Après avoir brocardé les petits mondes du cinéma et de la télévision dans les deux premières saisons, Éric Judor s'attaque cette fois au milieu de la publicité, qu'il connaît particulièrement bien pour avoir réalisé plus d'une cinquantaine de spots (notamment pour EDF et Conforama). Au petit écran, son personnage présente une pub exagérément raciste et scatologique permettant à l'auteur et comédien (le vrai) de défendre sa vision de l'humour, entre second degré et politiquement incorrect. L'occasion de tacler certains succès cinématographiques récents : "En France, notamment dans Qu'est-ce qu'on a fait au bon Dieu?, il y a un humour raciste décomplexé qui rit avec les clichés, mais je n'ai pas l'impression qu'il y ait du recul. Le fait que ça ait énormément de succès me questionne."
Mathieu Kassovitz joue Malotru
Le jeu de miroirs continue avec l'habituel défilé d'acteurs invités, de Laurent Lafitte à Gilles Lellouche en passant par Roland Magdane et Élie Semoun. Plus surprenant, on y voit aussi le publicitaire Jacques Séguéla, le basketteur Boris Diaw et l'aventurier Mike Horn. Mais le véritable coup de foudre professionnel d'Éric Judor aura été Florence Foresti : "Elle m'a fait savoir qu'elle aimerait participer à la série. Je ne la connaissais pas bien, et ça a été une rencontre incroyable. On s'est entendus merveilleusement bien. Elle est hilarante, c'est mon Ramzy au féminin!"
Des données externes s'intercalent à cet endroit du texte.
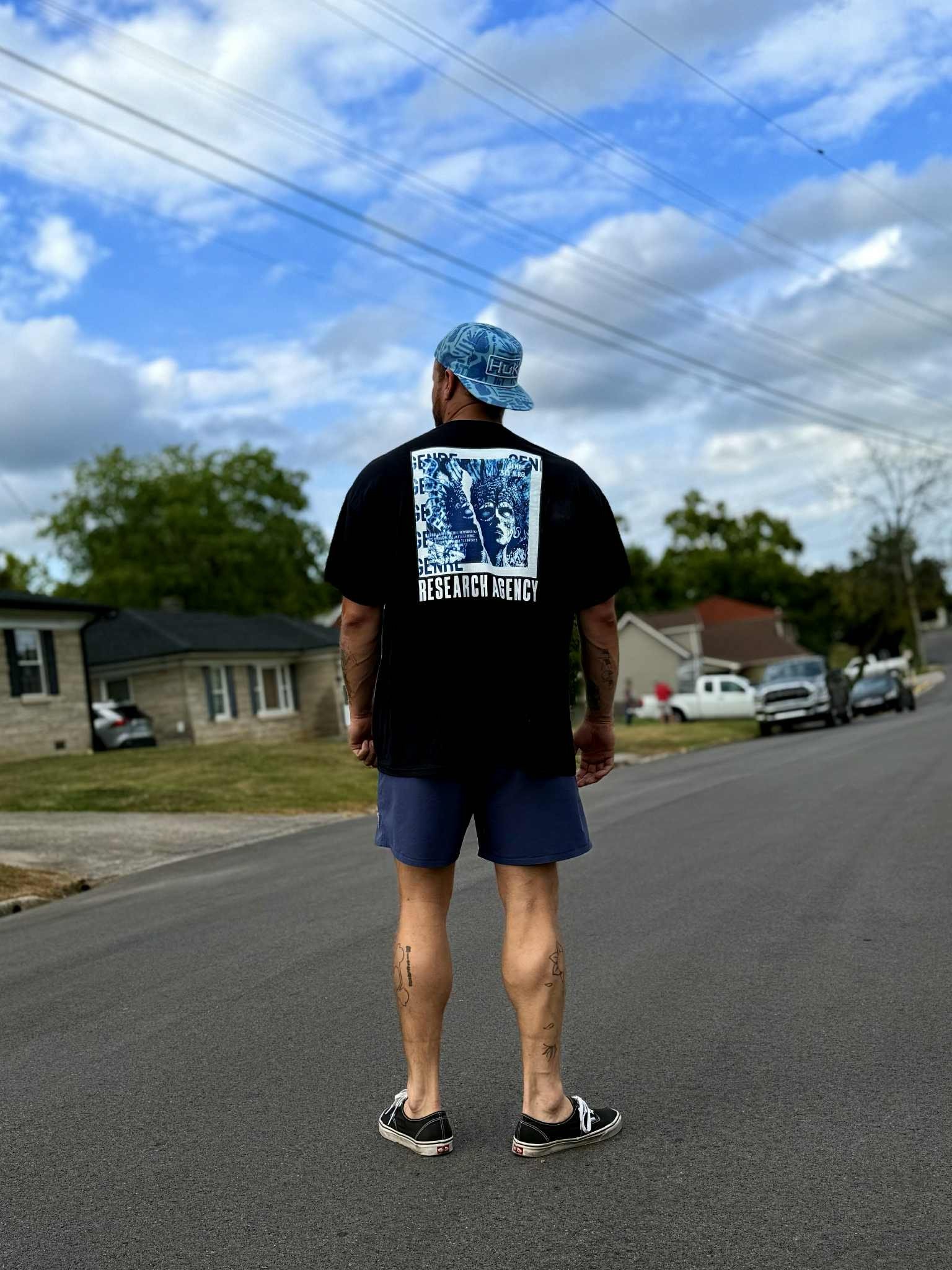 Death By Genre T-Shirt product image (3)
Éric Judor retrouve aussi lors de cette saison Jamel Debbouze, son camarade de jeu avec Ramzy dans la sitcom H à la fin des années 1990 sur Canal+ : "Il voulait absolument être de l'aventure. C'était inespéré : voilà des années qu'on ne se voyait plus trop. On s'était retrouvés furtivement pour le tournage du film Alad'2, mais on s'était sentis un peu frustrés parce qu'on n'avait quasiment rien à jouer ensemble. Jamel, il est surpuissant quand il a le bon texte dans les mains." Des séquences qui rendent impatient de voir se concrétiser un jour l'un des projets d'Éric Judor : "Réaliser Platane, le film : avec Ramzy et Jamel qui essaient de refaire H! Ils seraient payés par un dictateur pour rejouer un épisode, mais ça se passerait mal parce qu'ils seraient menacés de mort."
Cependant, la palme du meilleur guest de cette saison 3 revient à Mathieu Kassovitz, unique vedette à ne pas incarner son propre rôle : l'acteur reprend son personnage de Malotru, l'espion du Bureau des légendes, pour un crossover improbable dont seul Platane a le secret. De quoi se faire pardonner quelques mauvaises actions dans une ancienne vie !
Platane, saison 3***. D'Éric Judor, avec lui-même, Hafid F. Benamar, Stéphanie Crayencour, Adrianna Gradziel. Demain, 21h, Canal+.